At home in that new community, my mother continued to serve and share what she had with other people. Commonly known as Nurse Moloto, she would give people whatever they requested, even when that left us with little to eat. “We must learn to share with the needy where possible,” Mother told me and my siblings, and that seed, once planted, grew in all of us.
At first I had wanted to be a nurse like my mother, but ultimately, realizing the importance and power of education, I became a teacher and, later, a school principal. During my 34-year career, I encountered many needy people and children, and through the mercy of God I was able to change many learners’ and communities’ lives through education.
Even after I retired, I continued to reach out and help members of my community. I turned my home into a hub of education, where local children could access books, a laptop, and free Wi-Fi, and find a place to study, do homework, and work on school projects. I also started a backyard vegetable garden where people could help themselves to whatever they were willing to harvest. I encouraged them to replicate what I’d done in their own backyards so that they could enjoy fresh vegetables planted and nurtured by their own hands. In all this I was following the example given me by Mother with her lamp.

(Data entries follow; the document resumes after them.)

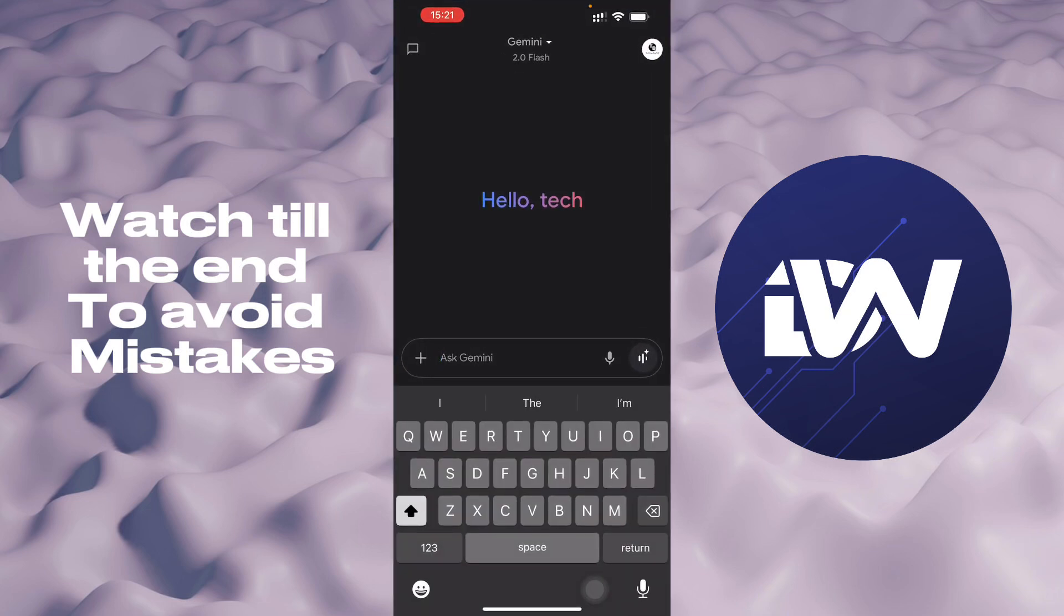So those are the only things you can do to integrate Gemini application into your iPhones. If this video was helpful, please hit the like button and don't forget to subscribe.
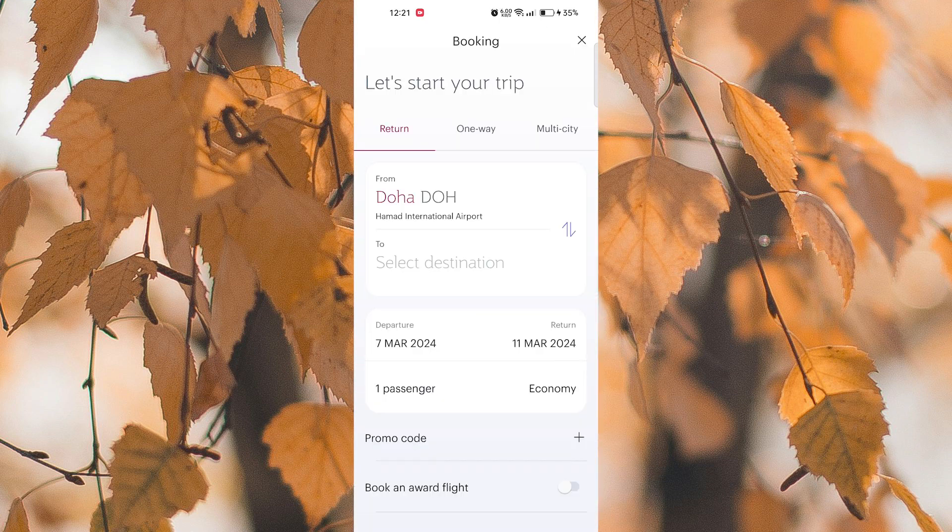Here you will find the option to check in for your upcoming flight. Enter your booking reference, select a destination or ticket number to retrieve your booking details.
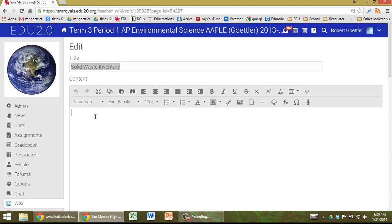So, first thing would be to put your name. I might put my name on the top here and swag bag, something like that.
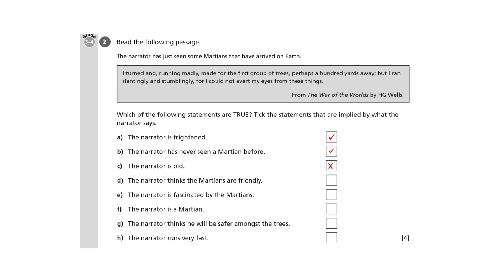As for D, if the narrator is terrified of the Martians, he can't expect them to be friendly. For E, you need to know or work out that the phrase 'avert my eyes' means look away. Why can't he look away? Answer: because he's fascinated.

My emulation of my mother has reached far beyond my own neighborhood. In 2017 I had the privilege of volunteering at the Kakuma Refugee Camp in northwestern Kenya, which is home to thousands of war orphans and displaced children. Today I continue to volunteer there virtually, bringing hope and education to children through online teaching and learning initiatives at the school launched there by the global educator Koen Timmers and the United Nations refugee agency.

Here I am with both of my parents. I was 5, about the age when I began to learn some important lessons by watching and listening to my mother.

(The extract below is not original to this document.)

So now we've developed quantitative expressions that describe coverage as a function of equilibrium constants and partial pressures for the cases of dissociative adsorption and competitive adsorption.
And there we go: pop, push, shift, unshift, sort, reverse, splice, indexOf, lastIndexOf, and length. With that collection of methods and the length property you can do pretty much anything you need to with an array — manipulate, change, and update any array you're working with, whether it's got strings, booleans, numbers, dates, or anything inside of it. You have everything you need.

Making an impact through Rotary
I joined Rotary in 2016. For me, given all that Rotary represents and has accomplished, it was a natural fit. Today I am a charter member of the Rotary E-Club of Baobab, and I served as its 2023-24 president. We accomplished much during my year as president, including establishing a new Rotary Community Corps in South Africa’s Limpopo province and furthering the development of another. The benefits are huge in that the RCCs are best able to determine their community’s needs and, with the guidance of our Rotary club, find workable solutions.
The club’s other impactful projects have included collecting and distributing blankets and books, eyeglasses and solar panels. As a teacher, my favorite project is the Mandela Day coding competition that club members initiated at local schools. By incorporating coding into the academic curriculum, we fostered an environment where students can collaborate creatively, explore modern technology, and learn to understand complex concepts. The coding competition has become an annual project sponsored by our club, and we are making strides toward introducing it to our region’s rural schools.
I like to think all this would please my mother, as it would, I hope, please Helene Franz. There’s a third woman I admire whom I might add, Mother Teresa. She wrote: “The greatest disease in the West today is not TB or leprosy; it is being unwanted, unloved, and uncared for. We can cure physical diseases with medicine, but the only cure for loneliness, despair, and hopelessness is love.”
That’s the same lesson my mother taught me, and it was the greatest gift she could have given her daughter.
We buried my mother on the tenth day of July in 1999. Her colleagues gathered at the burial site, and at the conclusion of the ceremony, they recited a farewell elegy as tribute. And through it all, they held aloft a lamp.
Rest in peace, Mom.
Phuti Gladys Thamaris Ragophala is a charter member and past president of the Rotary E-Club of Baobab and lives in Seshego, South Africa.